Be it enacted by the Legislature of West Virginia:
ARTICLE 5. DIVISION OF HOMELAND SECURITY AND EMERGENCY MANAGEMENT.
§15-5-22a. Facilitating Business Rapid Response to State Declared Disasters Act of 2020.
(a) This section may be cited as the “Facilitating Business Rapid Response to State Declared Disasters Act of 2020”.
(b) Findings. — The Legislature finds that:
(1) During times of storm, flood, fire, earthquake, hurricane or other disaster or emergency, many businesses bring in resources and personnel from other states throughout the United States on a temporary basis to expedite the often enormous and overwhelming task of cleaning up, restoring and repairing damaged buildings, equipment and property or even deploying or building new replacement facilities in the state.
(2) This may involve the need for out-of-state businesses, including out-of-state affiliates of businesses based in the state to bring in resources, property and/or personnel that previously have had no connection to the state, to perform activity in the state including, but not limited to, repairing, renovating, installing, building, rendering services or other business activities and for which personnel may be located in the state for extended periods of time to perform such activities.
(3) During such time of operating in the state on a temporary basis solely for purposes of helping the state recover from the disaster or emergency, these businesses and individual employees should not be burdened by any requirements for business and employee taxes as a result of such activities in the state for a temporary period.
(4) The state’s nexus and residency thresholds are intended for businesses and individuals in the state as part of the conduct of regular business operations or who intend to reside in the state and should not be directed at businesses and individuals coming into the state on a temporary basis to provide help and assistance in response to a declared state disaster or emergency.
(5) To ensure that businesses may focus on quick response to the needs of the state and its citizens during a declared state disaster or emergency, it is appropriate for the Legislature to deem that such activity for a reasonable period of time before, during and after the disaster or emergency for repairing and restoration of the often devastating damage to critical property and infrastructure in the state as defined in this section shall not establish presence, residency nor doing business in the state nor any other criteria for purposes of state and local taxes, licensing and regulatory requirements.
(c) Definitions. — For purposes of this section, the following terms shall have the following meanings:
“Critical Infrastructure” means property and equipment owned or used by communications networks, electric generation, transmission and distribution systems, gas distribution systems, water pipelines and related support facilities that services multiple customers or citizens including, but not limited to real, and personal property such as buildings, offices, lines, poles, pipes, structures and equipment.
“Disaster or emergency related work” means repairing, renovating, installing, building, rendering services or other business activities that relate to critical infrastructure that has been damaged impaired or destroyed by the declared state disaster or emergency.
“Disaster response period” means a period that begins ten days prior to the first day of the Governor’s Proclamation, the President’s Declaration or designation by another authorized official of the state as set forth in this section, whichever occurs first, and that extends 60 calendar days after the declared state disaster or emergency, or any longer period authorized by the Governor or the State Resiliency Office.
“Declared state disaster or emergency” means a disaster or emergency event: (1) For which a Governor’s State of Emergency Proclamation has been issued; (2) for which a Presidential Declaration of a Federal Major Disaster or Emergency has been issued; or (3) other disaster or emergency event within the state for which a good faith response effort is required, and for which another authorized official of the state is given notification from the registered business and such official designates such event as a disaster or emergency thereby invoking the provisions of this section.
“Out-of-state business” means for purposes of this legislation a business entity that, except for disaster or emergency related work, has no presence in the state and conducts no business in the state whose services are requested by a registered business or by a state or local government for purposes of performing disaster or emergency related work in the state.
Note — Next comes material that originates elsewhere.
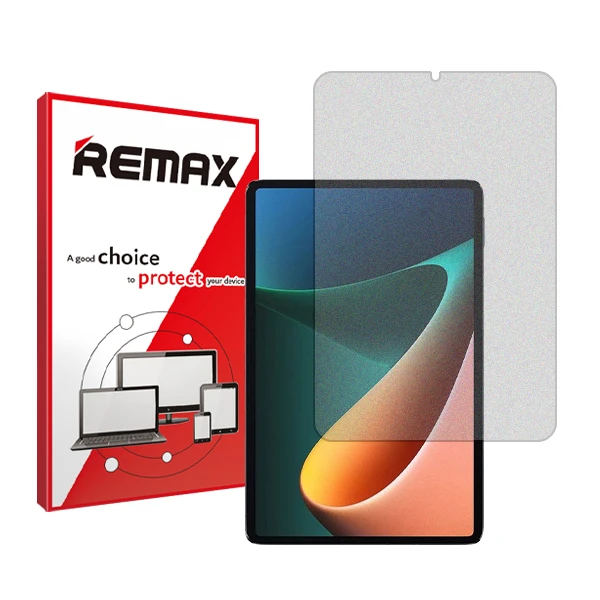 محافظ صفحه نمایش مات ریمکس مدل HyMTT مناسب برای تبلت شیائومی Pad 5 Pro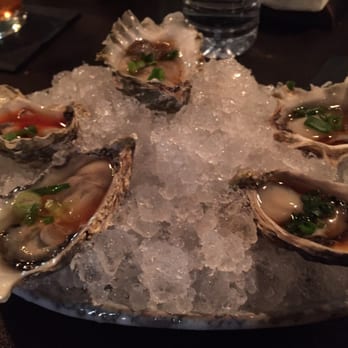 There - Oysters - New American Near Me - Telluride, Colorado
This shall also include a business entity that is affiliated with the registered business in the state solely through common ownership. The out-of-state business has no registrations or tax filings or nexus in the state other than disaster or emergency related work during the tax year immediately preceding the declared state disaster or emergency.
“Out-of-state employee” means for purposes of this legislation an employee who does not work in the state, except for disaster or emergency related work during the “disaster response period.”
“Registered business in the state” or “registered business” means a business entity that is currently registered to do business in the state prior to the declared state disaster or emergency.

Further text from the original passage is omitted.